Previously I think I gave too much weight to getting the step handler abstraction to work with the existing multiprocess executor machinery. I think the abstraction is actually more useful if we limit it's parameters, for example in a case where we want to call a step handler across a process boundary. This refactors the arguments to a context object that can be serialized and deserialized if necessary, but doesn't add overhead otherwise.
I was under the impression that the main goal of ExecuteStepArgs was to have a serializable input to the execute_steps CLI command (something that you can JSON serialize), so its a little surprising to me to see it given this new job as well (the primary interface into step handlers in the new executor). Is the idea that this same class will be usable on the other side of a process boundary that takes in an ExecuteStepArgs?

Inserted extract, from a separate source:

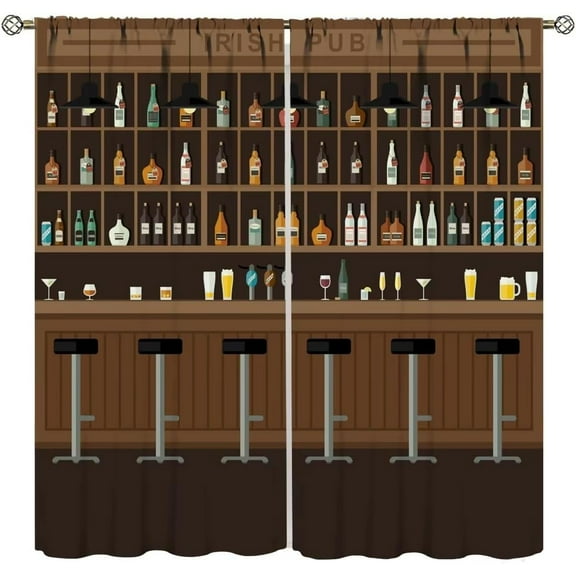 Bar Kitchen Curtains,Red and White Wine Bar Counter Window Treatments for Wine Room Kitchen Café Dining Room Window Drapes 2 Panels Set,Total Size 84 x 84 Inch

"I think the abstraction is actually more useful if we limit it's parameters." - maybe this is the part I'm not following - what becomes more useful here? Is the idea that lots of step handlers will involve executing an execute_step CLI call in some environment, so it reduces boilerplate to have that all packaged up already?
if there were ever, completely hypothetically of course, a StepDelegatingExecutor that didn't want to include the instance ref in any ExecuteStepArgs they wanted to pass around, how would that work with this new API? make a new copy with instance_ref None?
i wonder if is_dagster_event should be an index in the DB
cc @prha relevant to our discussion today around logs vs. events
sorry if I asked this earlier - is instance_ref=None here correct in general?
are we confident that steps will always be terminated individually?
Handler not Hander
InstanceRef is the closest thing I can think of
I feel like 'tuple' doesn't necc. imply 'serializable'
I guess I don't have any idea what the ratio of structured vs unstructured events in the event log are. Seems like this could be an optimization that we do later on though.